Frequently Asked Questions
Q: What is the difference between an M.D. and a D.O.?
A: M.D.s and D.O.s are very similar. Typically, both have a four-year undergraduate degree with emphasis on scientific courses. Both complete four years of basic medical education. After medical school, both choose a specialty and continue their training with internships and residency programs and an additional two to six years of training, and both must pass comparable state licensing examinations.
However, osteopathic medical schools emphasize training students to be primary care physicians. D.O.s practice a “whole person” approach to medicine. Instead of treating a specific symptom or illness, they assess the overall health of their patients.

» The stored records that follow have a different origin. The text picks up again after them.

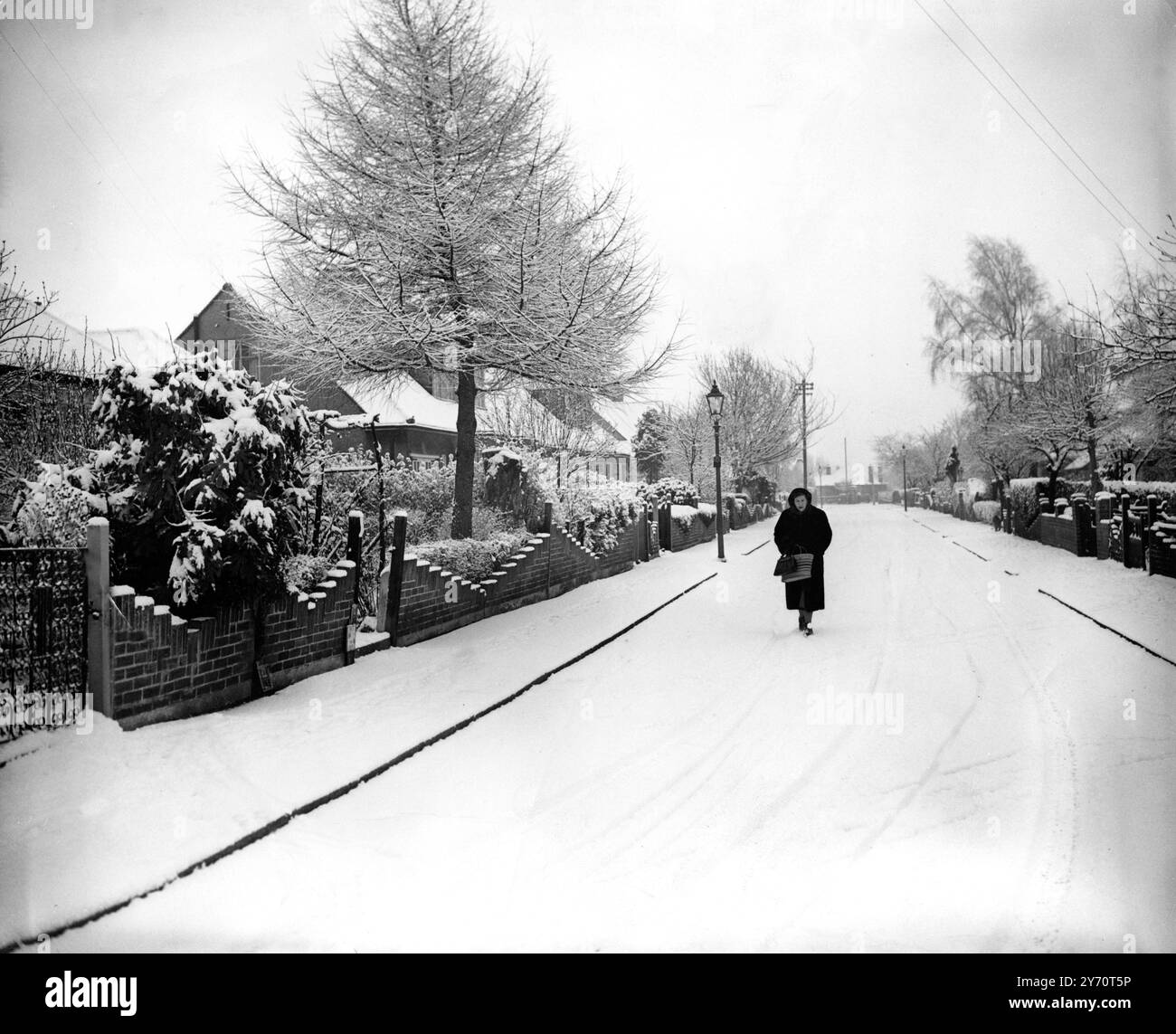 London woman walking street residential Black and White Stock Photos ...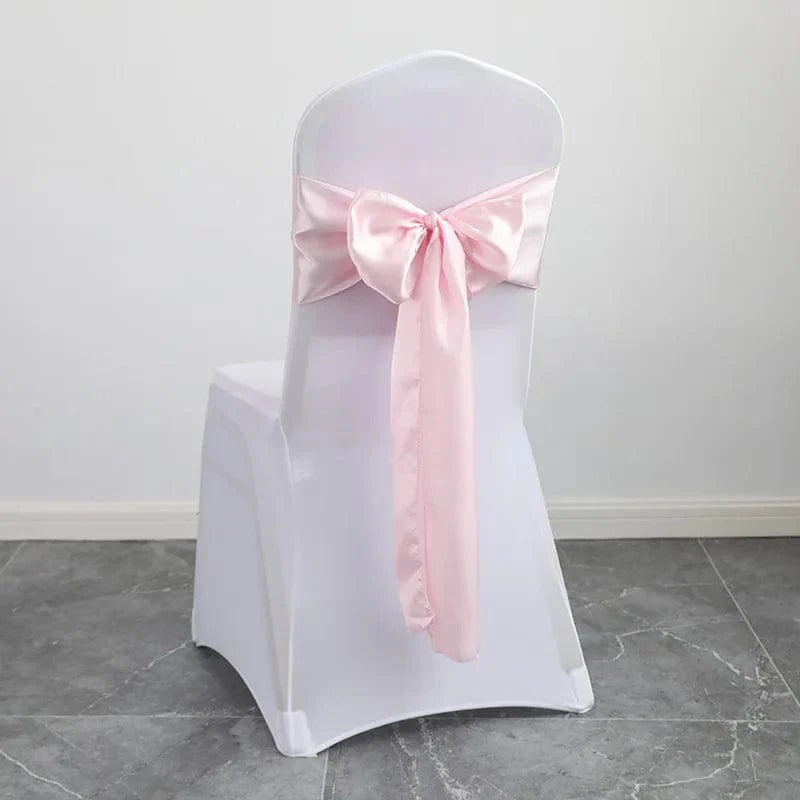 Shiny satin wedding chair sash with luxury bow design, 15x275cm, ideal for wedding decor and special event seating.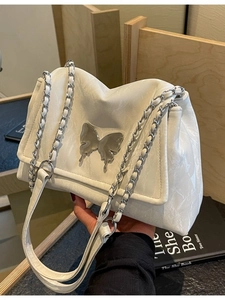 Off-white wrinkled tote bag with silver metal butterfly and chain shoulder strap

D.O.s receive additional training in the musculoskeletal system (your body’s nerves, muscles and bones), providing the physician with a better understanding of the ways an injury or illness can affect other parts of the body. They diagnose and treat diseases, as well as provide disease prevention to families, from birth to the end of life.
Q: Can I see a doctor without an appointment?

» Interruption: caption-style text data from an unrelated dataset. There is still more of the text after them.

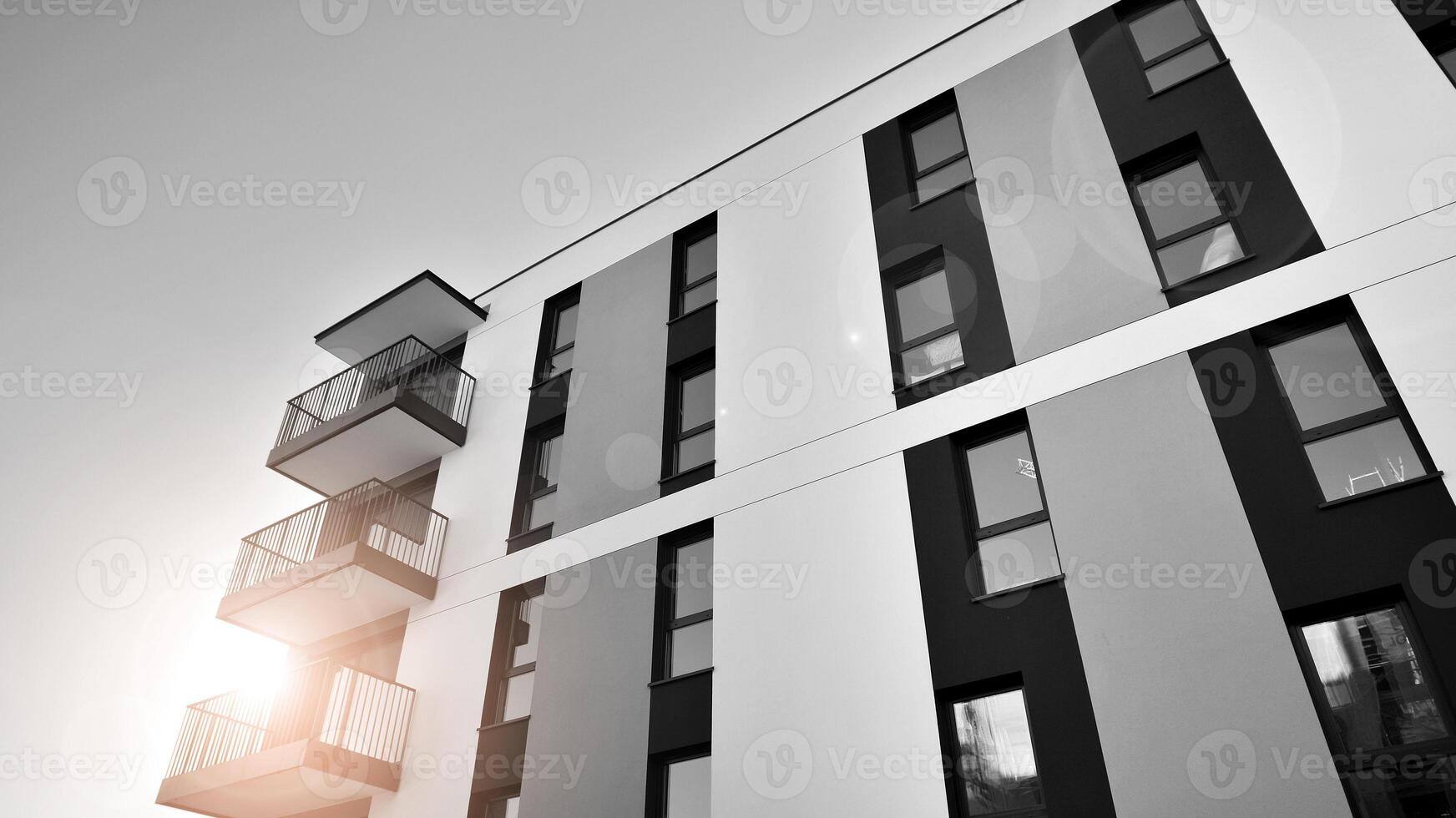 Fragment of the building's facade with windows and balconies. Modern apartment buildings on a sunny day. Facade of a modern residential building. Black and white. photo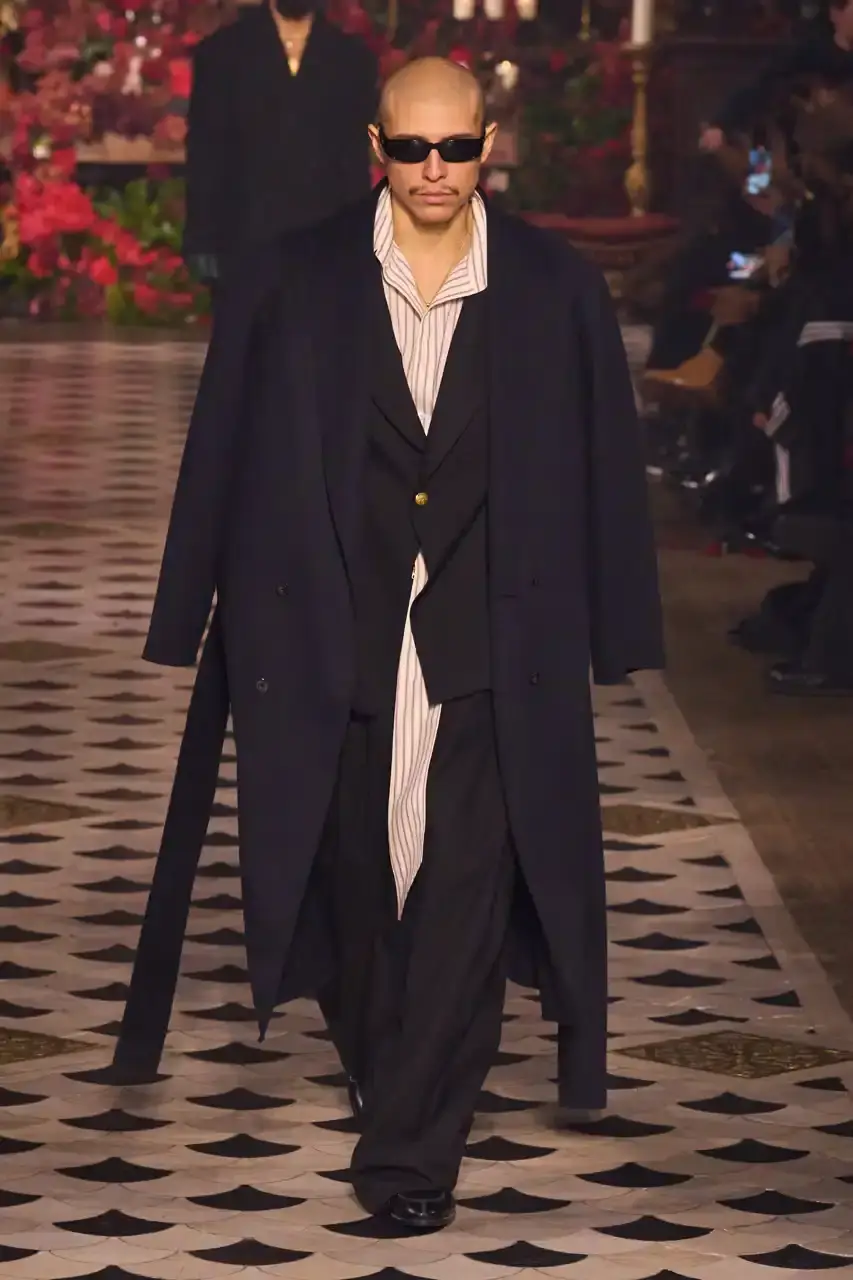 Daniele Oberrauch/Gorunway.com/Vogue Runway A diverse runway scene featuring models of various ages, body types, and backgrounds wearing Willy Chavarria's Fall 2025 "Tarantula" collection. The designs showcase rose-adorned blazers, Western-inspired hats, and a rich color palette of gold, blue, crimson, and plum against the backdrop of The American Cathedral in Paris. (image 15 of 15)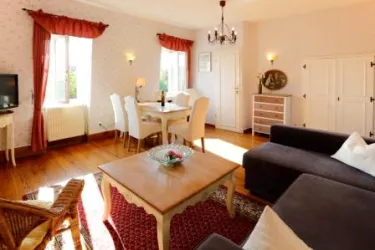 Ein helles Wohnzimmer mit einem gemütlichen Sofa und einem eleganten Esstisch. Große Fenster sorgen für viel Tageslicht und eine einladende Atmosphäre.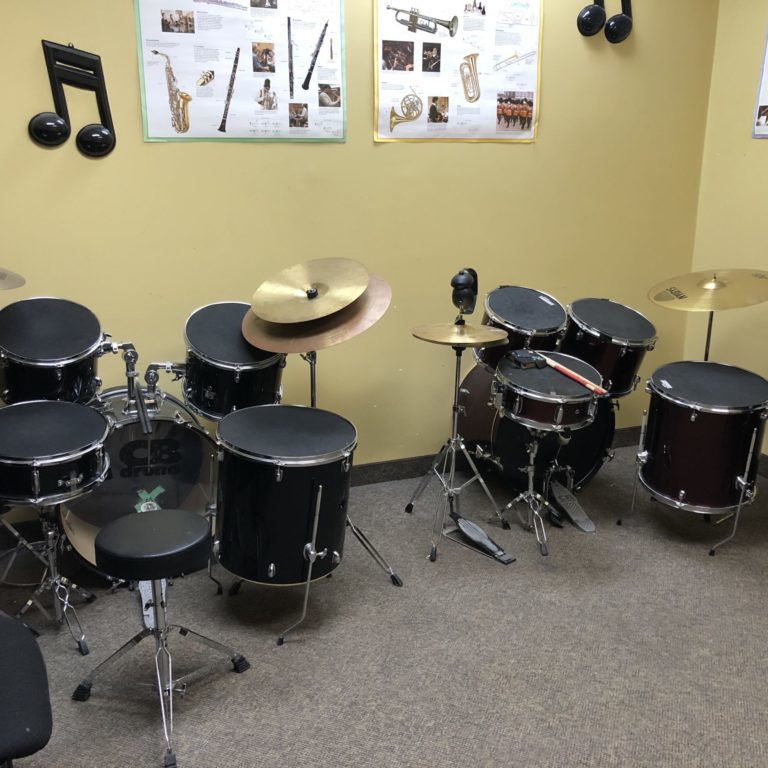 Two full drum kits sitting against a yellow wall. There are posters that discuss different instruments above the drums.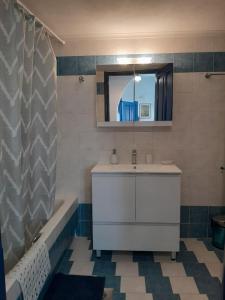 a bathroom with a sink and a tub and a mirror at Erofili Apartment in Kalyves +48 photos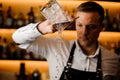 Young barman pouring water from a glass with ice cubes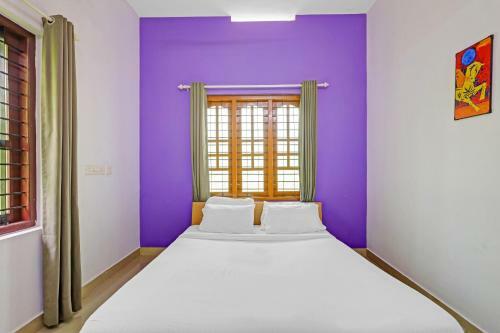 Hotel Capital O 84184 Pop Tavern Kazhakkottam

A: Scheduled appointments allow our staff to give you the appropriate time needed for your type of visit. We often, however, can provide same-day appointments.

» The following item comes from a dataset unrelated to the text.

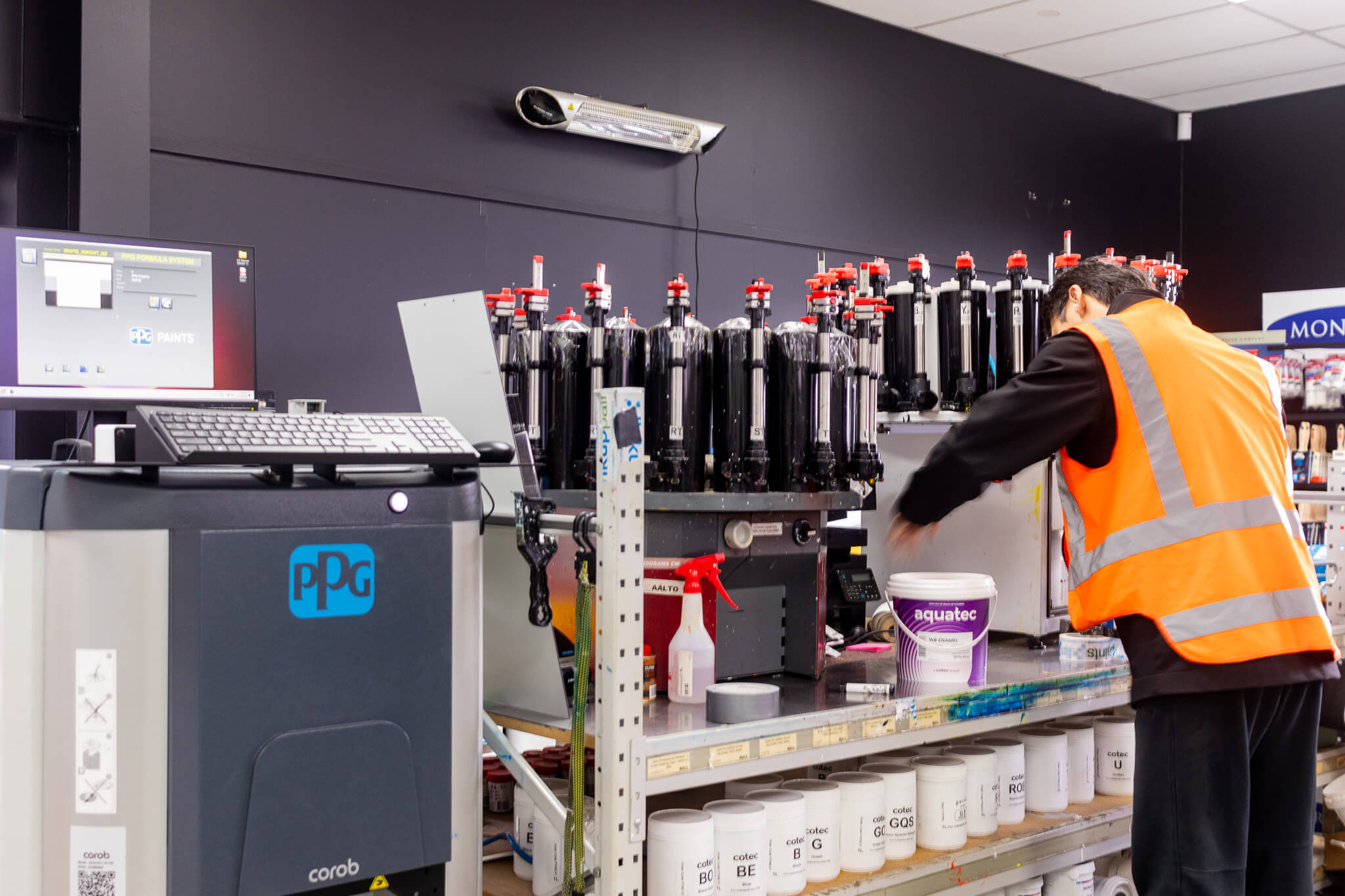 A person placing a label on a pail of mixed paint, surrounded by tinting carousels and automatic tint machines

Q: How can I obtain a copy of my medical record?
A: Medical records are confidential and will not be released without a signed release form. Certain records can be sent to another physician for continuation of care without a signed release. These physicians are typically specialists we refer you to.
There may be fees associated with the copying of your medical record. Copy fees are set by the state of Michigan to cover the costs associated with making a duplicate copy.
You as the patient have the right to have a copy of your medical record, but the original record must remain at the facility. You can download the required record release forms from our Forms & Patient Resources page.